Garnets can also be used to create and gauge temperature-time histories and measurements for a variety of rocks including igneous and metamorphic. They can be used to define various metamorphic facies of rocks as well. All of this means that in addition to their abundant and beautiful usage in a variety of jewelry pieces, garnets are broadly present on the planet and have a variety of applications.
History of the Garnet
The usage of garnets dates as far back as the Bronze Age, which began some 5,000 years ago. Nearly all of the ancient civilizations, cultures and societies had uses for garnets. This includes the Egyptians, Romans, Greeks and Mesopotamians, and on the other side of the globe, the Aztecs, Mayans and Incans as well.
The garnet is mentioned at several different times in the Bible. When Noah was in the Ark, he used a glowing garnet to provide light. They are also one of the twelve stones to represent the tribes of Israel, found on the breastplate of Aaron. King Solomon was also said to wear garnets during battle. Many European knights and other military members would also wear or bring garnets into battle for protection. Even Native American shields were often adorned with the gemstones.
All of this is consistent with the Egyptian theme of protection and light from garnets, as many prominent Egyptians would be buried with garnets for these purposes in the after life. Many pieces of Egyptian jewelry have been found to include garnets, and other forms of home decoration also made use of garnets as well. Some cultures believed that the bright glow of the garnet could not be hidden, even under clothing or in other dark areas.
Garnets were used for healing and protection both by the Greeks and by the people of the Middle Ages as well. Specifically, garnets were believed to protect against and heal poisonings, and the Greeks also thought they prevented children from drowning and other dangers.
Conversely, in some cultures garnets were not only used for protection, but were also used to inflict more damage in a conflict or battle. Therefore weapons in Japan and China and many other places were made in part with or adorned with garnets.
There is a nearly unending string of meanings and associations with garnet gemstones across the globe. The Persians believed that garnets were a royal stone and therefore all of their kings and rulers had their likeness engraved in garnet. The ancient philosopher Plato also had his image engraved in garnet. The Koran says that the Fourth Heaven of Muslims is illuminated by the garnet. The global references and usages can continue on and on.
There are several possible etymologies for the word garnet. The most common of these is the Latin word garantus for grain, referencing the seeds of the Punica granatum, or the pomegranate. The seeds of this fruit are small and dark red, and therefore hold a striking resemblance to classic, deep red garnets. The Middle English word garnet was also used to mean dark red.

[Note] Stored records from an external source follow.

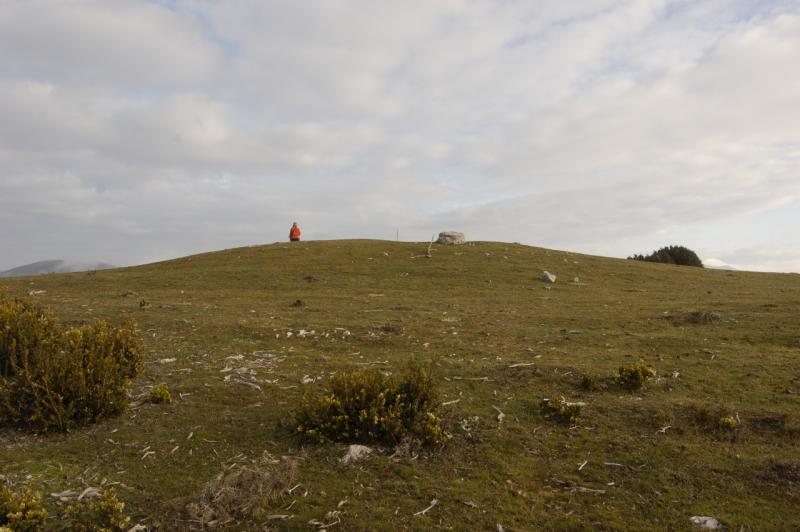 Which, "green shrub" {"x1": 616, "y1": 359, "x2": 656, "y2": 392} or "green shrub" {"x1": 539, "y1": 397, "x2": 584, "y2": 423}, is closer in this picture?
"green shrub" {"x1": 539, "y1": 397, "x2": 584, "y2": 423}

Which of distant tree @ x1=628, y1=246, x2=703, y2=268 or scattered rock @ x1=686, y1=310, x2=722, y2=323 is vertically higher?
distant tree @ x1=628, y1=246, x2=703, y2=268

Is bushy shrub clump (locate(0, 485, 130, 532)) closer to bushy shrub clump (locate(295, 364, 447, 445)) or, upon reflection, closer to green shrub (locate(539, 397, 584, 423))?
bushy shrub clump (locate(295, 364, 447, 445))

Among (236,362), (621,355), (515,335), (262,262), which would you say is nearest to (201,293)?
(262,262)

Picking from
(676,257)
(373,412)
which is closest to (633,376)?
(373,412)

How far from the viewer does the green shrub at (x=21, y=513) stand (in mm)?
5535

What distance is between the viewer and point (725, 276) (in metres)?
41.0

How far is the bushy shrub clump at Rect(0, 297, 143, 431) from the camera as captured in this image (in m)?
8.44

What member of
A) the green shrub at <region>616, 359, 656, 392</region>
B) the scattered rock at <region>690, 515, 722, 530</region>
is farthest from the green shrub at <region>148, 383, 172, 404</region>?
the green shrub at <region>616, 359, 656, 392</region>

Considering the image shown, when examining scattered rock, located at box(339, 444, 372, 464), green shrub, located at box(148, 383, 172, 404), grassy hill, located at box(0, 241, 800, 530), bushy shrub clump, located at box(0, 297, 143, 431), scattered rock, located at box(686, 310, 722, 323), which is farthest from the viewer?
scattered rock, located at box(686, 310, 722, 323)

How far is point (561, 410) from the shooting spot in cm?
944

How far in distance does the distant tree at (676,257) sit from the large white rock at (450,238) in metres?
25.9

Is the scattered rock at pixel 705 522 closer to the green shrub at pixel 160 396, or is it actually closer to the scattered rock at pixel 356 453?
the scattered rock at pixel 356 453

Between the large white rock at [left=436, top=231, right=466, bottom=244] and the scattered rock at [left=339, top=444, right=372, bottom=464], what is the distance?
38594 millimetres

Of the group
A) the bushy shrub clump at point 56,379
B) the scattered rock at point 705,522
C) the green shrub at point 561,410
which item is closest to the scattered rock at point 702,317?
the green shrub at point 561,410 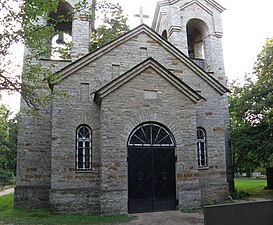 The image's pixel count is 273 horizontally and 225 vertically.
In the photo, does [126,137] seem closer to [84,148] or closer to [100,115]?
[100,115]

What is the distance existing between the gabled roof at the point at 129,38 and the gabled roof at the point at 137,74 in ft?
5.77

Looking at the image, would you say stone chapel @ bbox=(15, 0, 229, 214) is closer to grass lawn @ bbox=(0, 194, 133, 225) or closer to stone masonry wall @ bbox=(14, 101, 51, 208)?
stone masonry wall @ bbox=(14, 101, 51, 208)

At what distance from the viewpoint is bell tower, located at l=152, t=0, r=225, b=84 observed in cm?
1683

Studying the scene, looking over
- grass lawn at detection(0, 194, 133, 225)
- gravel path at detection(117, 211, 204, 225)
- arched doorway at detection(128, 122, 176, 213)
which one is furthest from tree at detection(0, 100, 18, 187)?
gravel path at detection(117, 211, 204, 225)

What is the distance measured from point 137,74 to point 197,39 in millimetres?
8597

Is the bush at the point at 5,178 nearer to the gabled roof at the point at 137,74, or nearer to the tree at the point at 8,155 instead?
the tree at the point at 8,155

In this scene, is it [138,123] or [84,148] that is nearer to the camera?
[138,123]

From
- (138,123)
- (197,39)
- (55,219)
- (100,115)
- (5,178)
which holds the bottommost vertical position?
(55,219)

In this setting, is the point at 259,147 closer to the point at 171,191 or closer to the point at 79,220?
the point at 171,191

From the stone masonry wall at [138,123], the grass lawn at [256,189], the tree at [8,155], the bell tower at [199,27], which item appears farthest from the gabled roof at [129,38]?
the tree at [8,155]

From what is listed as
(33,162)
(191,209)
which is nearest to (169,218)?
(191,209)

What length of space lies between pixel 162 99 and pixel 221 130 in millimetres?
3970

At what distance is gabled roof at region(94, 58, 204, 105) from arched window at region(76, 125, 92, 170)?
1357 mm

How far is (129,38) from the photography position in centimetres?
1406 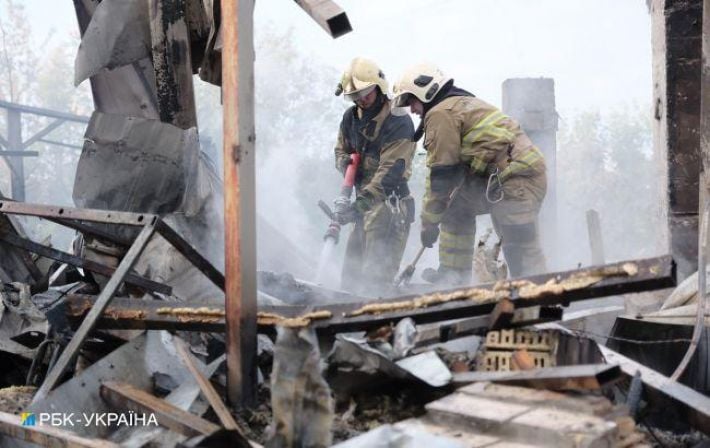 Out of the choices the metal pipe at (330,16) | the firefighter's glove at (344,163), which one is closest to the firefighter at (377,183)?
the firefighter's glove at (344,163)

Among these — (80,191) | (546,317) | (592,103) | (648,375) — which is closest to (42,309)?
(80,191)

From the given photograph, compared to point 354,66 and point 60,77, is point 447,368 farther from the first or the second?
point 60,77

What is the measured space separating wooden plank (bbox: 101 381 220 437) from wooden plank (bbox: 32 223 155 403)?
0.22m

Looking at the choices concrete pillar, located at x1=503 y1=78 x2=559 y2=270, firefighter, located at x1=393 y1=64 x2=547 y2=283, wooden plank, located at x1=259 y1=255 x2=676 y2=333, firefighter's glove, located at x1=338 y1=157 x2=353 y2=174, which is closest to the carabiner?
firefighter, located at x1=393 y1=64 x2=547 y2=283

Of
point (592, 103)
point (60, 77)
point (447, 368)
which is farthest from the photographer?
point (592, 103)

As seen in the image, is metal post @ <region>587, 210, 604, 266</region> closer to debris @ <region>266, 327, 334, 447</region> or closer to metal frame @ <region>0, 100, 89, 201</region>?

Garnets can take on a wide range of meanings, and of course meaning in part depends on the color and specific species of garnet in question. Common themes include purity, friendship and faith, along with commitment, optimism and awareness. Other themes include creativity, strengthening willpower and self esteem and overall happiness. The garnet is the birthstone for the month of January and is also the stone for the second wedding anniversary.
The Garnet Today
Prominently found all throughout the world, garnets are mined in many different locations. This of course should be no surprise given the wide range of ancient civilizations in every region of the globe in which garnets were utilized. Today they are mined in Australia, India, Brazil, Myanmar, the United States, Tanzaia, Switzerland, Scotland and South Africa to name a few prominent locales. Different locations produce garnets of different qualities and classifications.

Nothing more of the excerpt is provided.